Thanks to Prof. Joe Barranco for linking to an excellent, short article called No, You Are Not Entitled to Your Option. The author nicely articulates a feeling I've had for a while: "You are not entitled to your opinion, you are only entitled to what you can argue for."

This is something that is almost trivial when it comes to scientific beliefs among scientists. No one would ever give a colloquium talk and say, "Well, it's my opinion that the Big Bang never happened. I know everyone else says otherwise, and I know there's tons of evidence in support of it and that many different areas of science rest on the truth of an expanding universe. But, look, I just feel that it's not true, and I'm entitled to my opinion." Nope. Sorry. It doesn't work that way.

For anyone to challenge something like the Big Bang---or even something actually debatable, such as whether the initial mass function of stars is universal or not---they would need to present evidence to back that belief. This is obvious. It's just good science.

However, I find it interesting that even scientists fall victim to the mentality of "well, I'm entitled to my opinion" when it comes to non-science issues, such as teaching methodology or whether certain traditions should change or why students behave certain ways.

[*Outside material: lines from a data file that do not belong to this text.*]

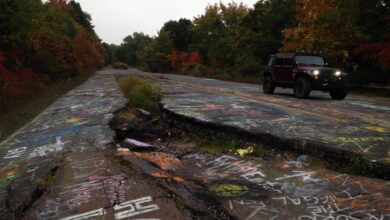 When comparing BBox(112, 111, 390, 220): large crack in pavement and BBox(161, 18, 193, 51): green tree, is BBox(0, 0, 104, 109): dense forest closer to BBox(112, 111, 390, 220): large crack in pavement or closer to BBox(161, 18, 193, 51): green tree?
BBox(112, 111, 390, 220): large crack in pavement

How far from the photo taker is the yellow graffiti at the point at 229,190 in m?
4.84

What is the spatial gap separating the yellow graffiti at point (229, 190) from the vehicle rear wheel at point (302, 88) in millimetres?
9827

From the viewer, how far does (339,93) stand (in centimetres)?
1459

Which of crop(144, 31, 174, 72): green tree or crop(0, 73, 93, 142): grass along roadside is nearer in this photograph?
crop(0, 73, 93, 142): grass along roadside

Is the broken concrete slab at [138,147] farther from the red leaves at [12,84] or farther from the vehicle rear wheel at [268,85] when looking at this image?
the red leaves at [12,84]

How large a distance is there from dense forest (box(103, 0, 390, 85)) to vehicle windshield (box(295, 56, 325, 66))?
11.4 ft

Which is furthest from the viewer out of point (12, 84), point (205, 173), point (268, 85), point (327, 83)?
point (12, 84)

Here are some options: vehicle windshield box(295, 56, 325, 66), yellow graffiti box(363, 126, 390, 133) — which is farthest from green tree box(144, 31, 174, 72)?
yellow graffiti box(363, 126, 390, 133)

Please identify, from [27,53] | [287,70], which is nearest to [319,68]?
[287,70]

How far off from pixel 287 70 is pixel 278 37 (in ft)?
73.4

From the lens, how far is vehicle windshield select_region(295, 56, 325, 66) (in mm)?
15305

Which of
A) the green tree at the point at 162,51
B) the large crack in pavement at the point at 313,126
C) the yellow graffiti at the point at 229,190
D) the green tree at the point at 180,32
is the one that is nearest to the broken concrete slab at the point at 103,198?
the yellow graffiti at the point at 229,190

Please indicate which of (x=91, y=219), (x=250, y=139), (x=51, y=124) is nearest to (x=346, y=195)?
(x=91, y=219)

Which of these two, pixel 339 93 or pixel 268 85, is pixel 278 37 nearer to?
pixel 268 85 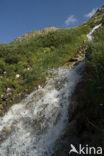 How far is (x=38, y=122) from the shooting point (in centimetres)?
579

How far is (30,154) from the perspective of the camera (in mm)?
4762

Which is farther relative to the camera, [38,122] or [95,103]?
[38,122]

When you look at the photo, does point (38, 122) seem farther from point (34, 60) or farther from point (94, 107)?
point (34, 60)

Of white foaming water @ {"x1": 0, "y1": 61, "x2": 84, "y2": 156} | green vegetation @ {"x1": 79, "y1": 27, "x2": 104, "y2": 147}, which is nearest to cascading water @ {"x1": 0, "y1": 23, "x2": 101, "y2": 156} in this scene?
white foaming water @ {"x1": 0, "y1": 61, "x2": 84, "y2": 156}

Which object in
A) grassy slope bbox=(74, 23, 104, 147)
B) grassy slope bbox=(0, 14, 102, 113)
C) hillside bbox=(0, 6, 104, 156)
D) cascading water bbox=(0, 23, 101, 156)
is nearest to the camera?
grassy slope bbox=(74, 23, 104, 147)

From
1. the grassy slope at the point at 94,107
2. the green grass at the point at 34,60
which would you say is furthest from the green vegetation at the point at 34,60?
the grassy slope at the point at 94,107

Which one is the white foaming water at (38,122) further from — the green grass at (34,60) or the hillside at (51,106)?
the green grass at (34,60)

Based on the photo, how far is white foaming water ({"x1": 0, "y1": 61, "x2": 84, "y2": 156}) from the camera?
4.97 metres

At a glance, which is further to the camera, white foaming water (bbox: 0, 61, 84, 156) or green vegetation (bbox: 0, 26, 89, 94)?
green vegetation (bbox: 0, 26, 89, 94)

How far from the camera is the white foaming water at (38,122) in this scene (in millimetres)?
4969

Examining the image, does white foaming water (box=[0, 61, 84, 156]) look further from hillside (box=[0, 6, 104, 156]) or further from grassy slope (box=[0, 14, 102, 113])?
grassy slope (box=[0, 14, 102, 113])

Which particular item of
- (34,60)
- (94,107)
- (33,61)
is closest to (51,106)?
(94,107)

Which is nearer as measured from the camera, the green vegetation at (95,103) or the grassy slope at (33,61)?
the green vegetation at (95,103)

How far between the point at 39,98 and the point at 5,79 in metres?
4.10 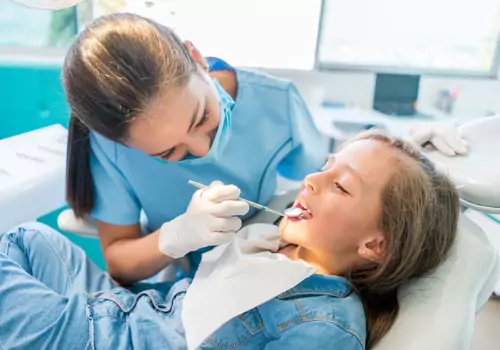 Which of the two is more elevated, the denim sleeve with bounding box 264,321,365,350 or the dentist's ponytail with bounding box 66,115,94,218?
the dentist's ponytail with bounding box 66,115,94,218

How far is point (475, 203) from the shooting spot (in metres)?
1.22

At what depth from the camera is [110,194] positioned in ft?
4.25

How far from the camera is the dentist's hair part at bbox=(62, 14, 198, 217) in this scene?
0.93 m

And, of course, we see this mentality quite a bit among politicians, particularly on one side of the aisle, when it comes to their level of belief in certain science-based conclusions about our world. Take the climate-change deniers, anti-evolutionists on the Texas and Kansas school boards, or anti-vax people who think that vaccines cause autism. As stated in the article

So what does it mean to be “entitled” to an opinion? 
If “Everyone’s entitled to their opinion” just means no-one has the right to stop people thinking and saying whatever they want, then the statement is true, but fairly trivial. No one can stop you saying that vaccines cause autism, no matter how many times that claim has been disproven. 
This isn't just elitist, high-minded academic thinking. Adhering to the rule of entitlement to only opinions you can defend is the only way that we can reach sound conclusions about our world. There are truths out there. The world does, in fact, work a certain way, and we can figure this out. But only if we are to be intellectually honest and avoid sloppy thinking that allows us to wiggle out of uncomfortable challenges of our beliefs. I'm saying this to myself as much as preaching to the choir that is my audience :)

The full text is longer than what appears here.